### About this exercise:
Once you reach the line with "Camiseta Estampado Frente", copy it and every line after it exactly, up to the end of the data. Omit the pictures.

### Input data:
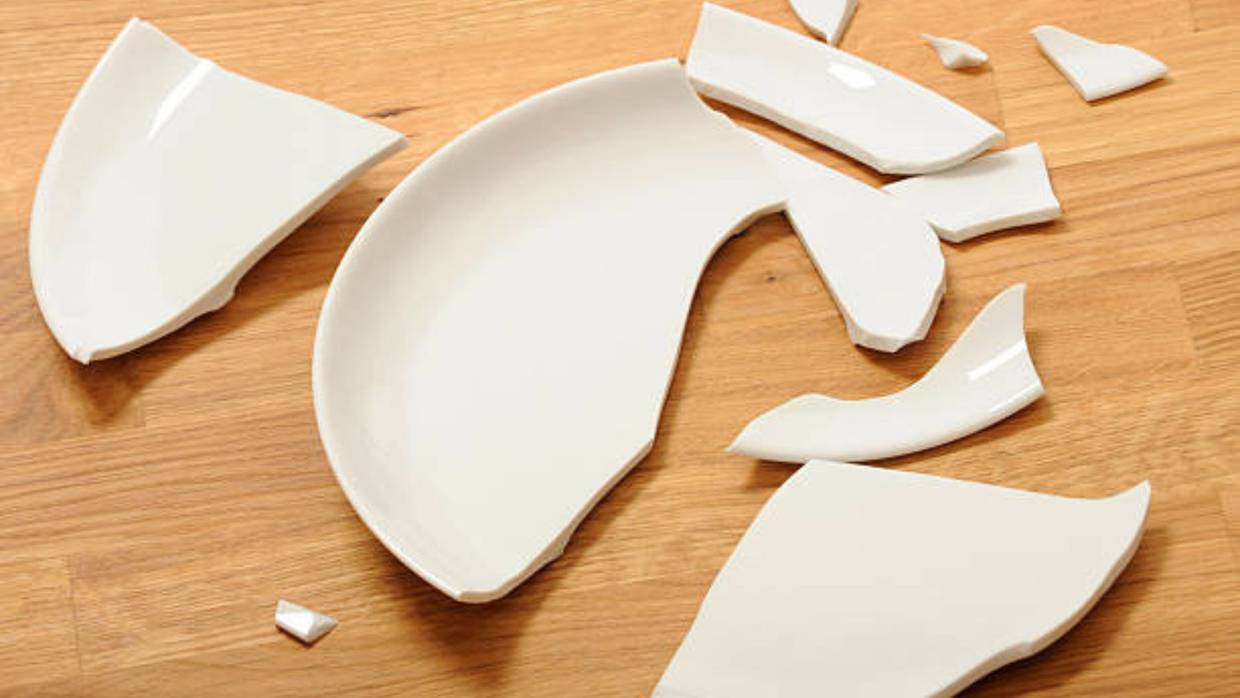 El Feng Shui recomienda deshacerse de cualquier plato, vaso u otro utensilio que se encuentre roto o en mal estado | Foto: iStock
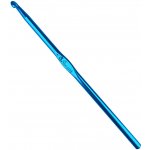 Pro Háčkování Háček kovový 5 mm světle modrý – Zboží Dáma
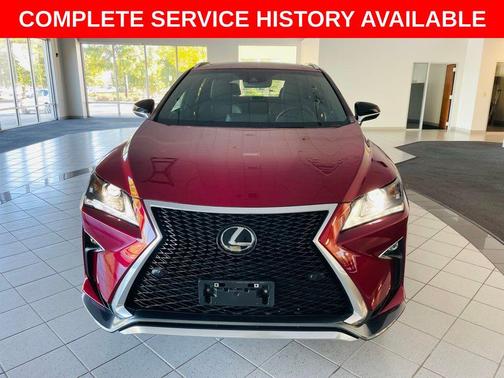 2018 Lexus RX 350 F Sport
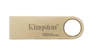 Kingston DTSE9G3/128GB DataTraveler SE9 G3 128GB USB 3.2 Gen 1 Tipo A - Oro Metal - Hasta 220MB/s Lectura, 100MB/s Escritura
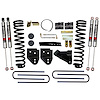 6 in. Suspension Lift Kit for F-350 with M95 Monotube Shocks F11651KH-M - image 1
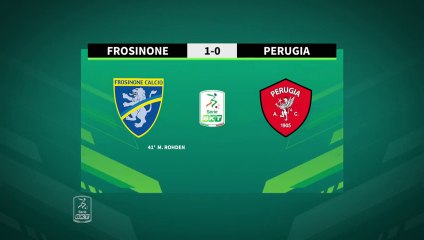 Frosinone v Perugia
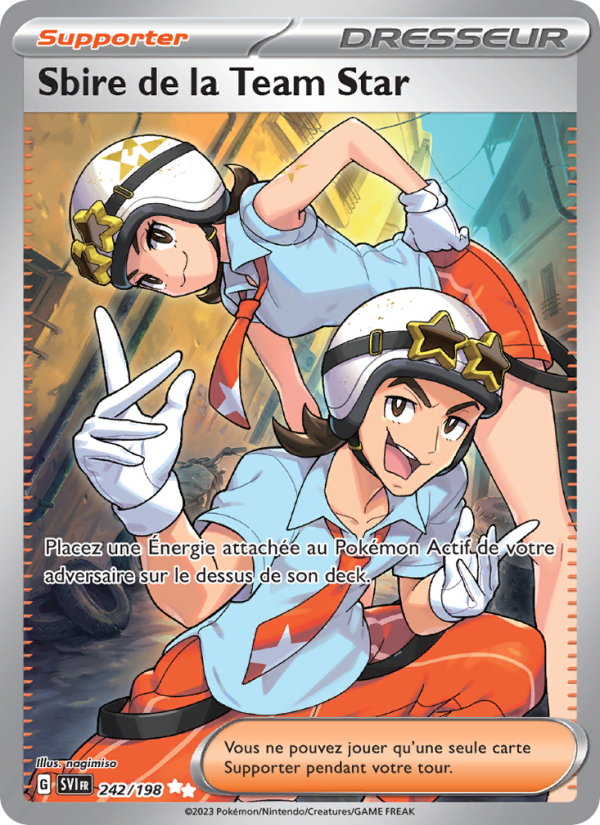 Sbire de la Team Star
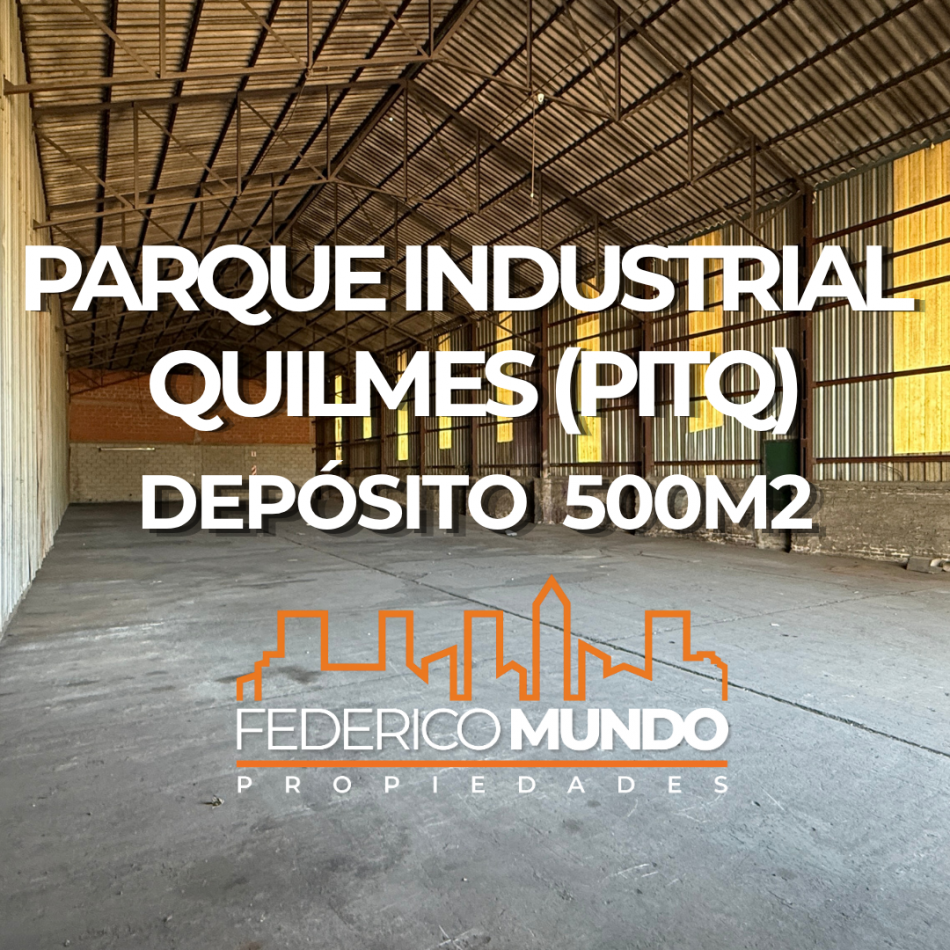Galpon/Deposito en alquiler Parque Industrial Quilmes
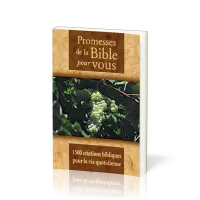 Promesses de la Bible pour vous - 1500 citations biblique pour la vie quotidienne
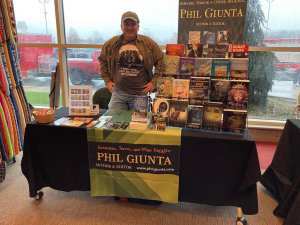 My table at Lehigh Valley Comic Con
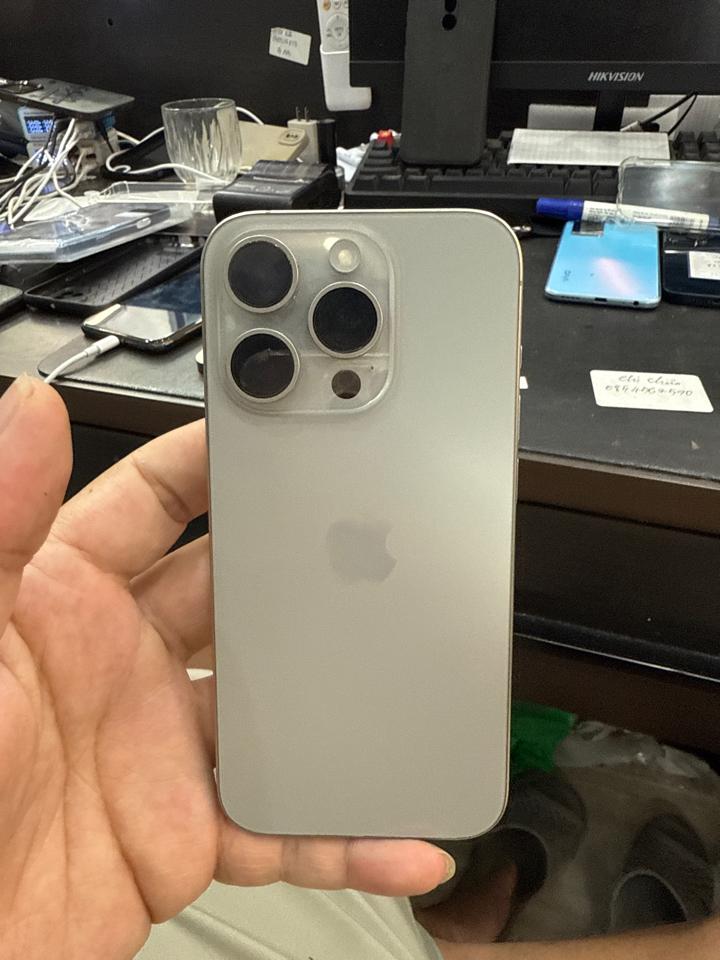 iphone 15 Pro 128G 89% VN/A tttn 013074-duoc-ban-tai-Huấn Hải Hậu - thodienthoai.vn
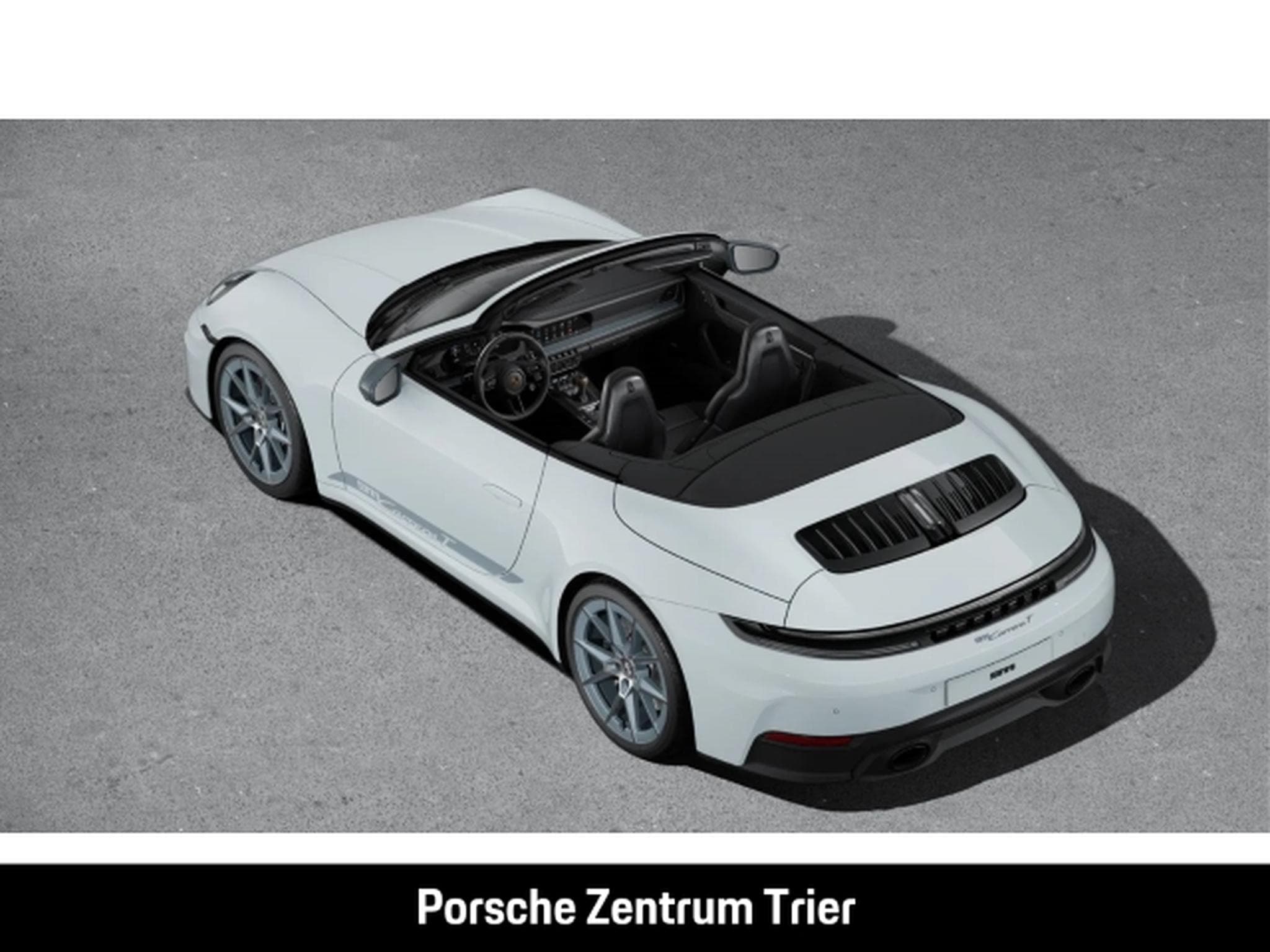 Porsche 911 Carrera T Cabriolet BOSE Surround-View (2025) - Photo 4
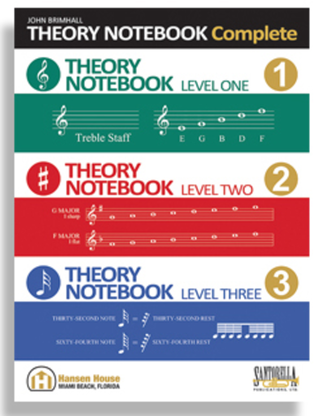 Book cover for Theory Notebook Complete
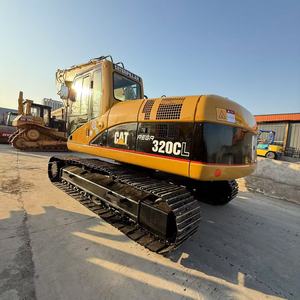 รถขุดตีนตะขาบ320CL/320BL แท้จากญี่ปุ่นใช้ปั๊มเดนิสัน103KW เครื่องยนต์และกระปุกเกียร์สภาพดี - Product Image 1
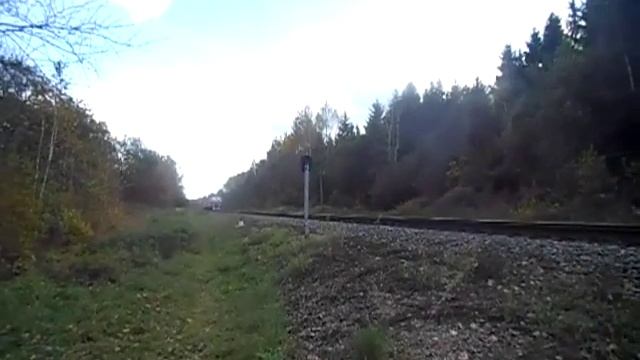 Дизель-поезд Орша-Лепель смотреть онлайн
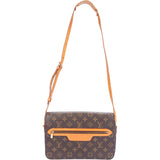 Louis Vuitton Canvas Monogram Saint Germain GM Crossbody Bag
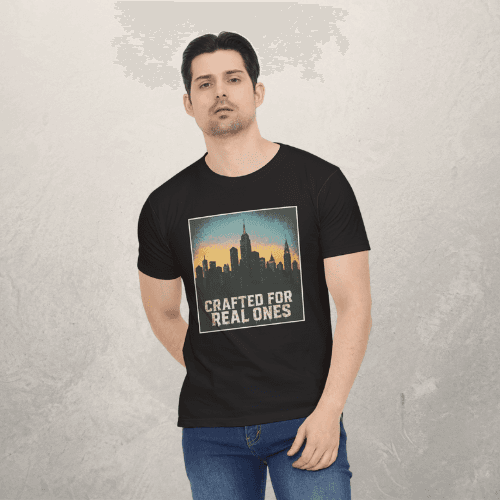 Camiseta Estampado Frente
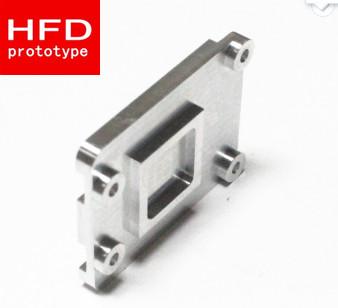 CNC Machining Tolerance 0.02mm Aluminum Anodizing Service Small Parts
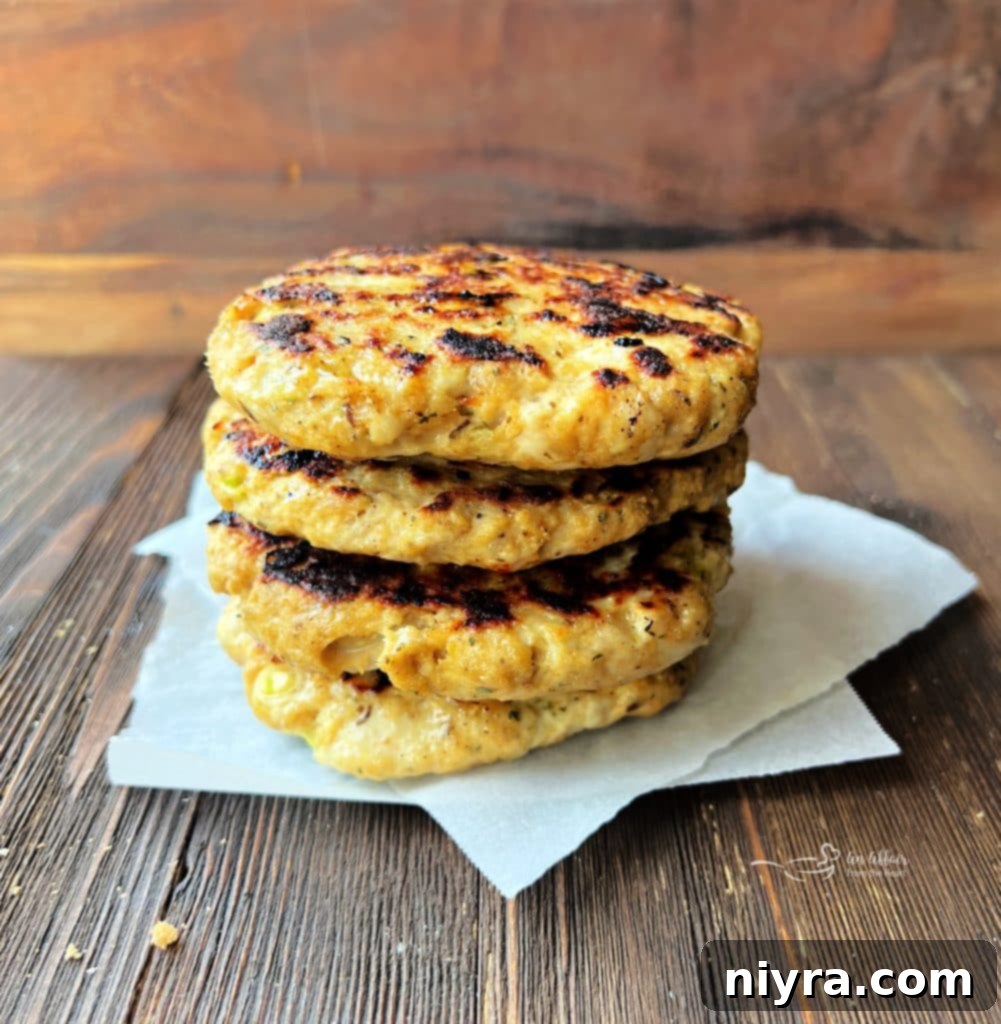 Freshly mixed ground turkey ready to be formed into burger patties.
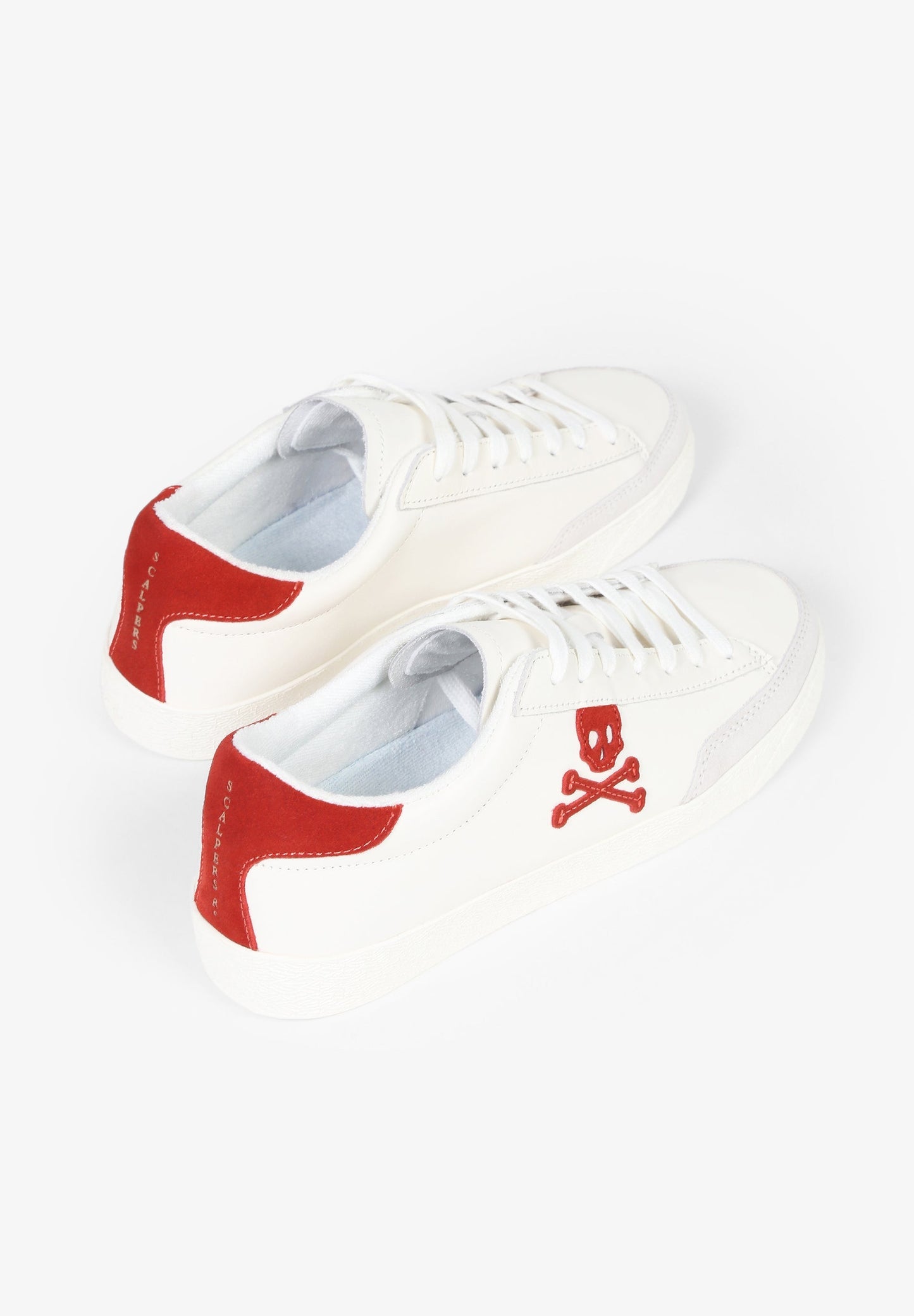 SNEAKERS BAJAS CALAVERA CONTRASTE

### Response to this exercise:
 Camiseta Estampado Frente
 CNC Machining Tolerance 0.02mm Aluminum Anodizing Service Small Parts
 Freshly mixed ground turkey ready to be formed into burger patties.
 SNEAKERS BAJAS CALAVERA CONTRASTE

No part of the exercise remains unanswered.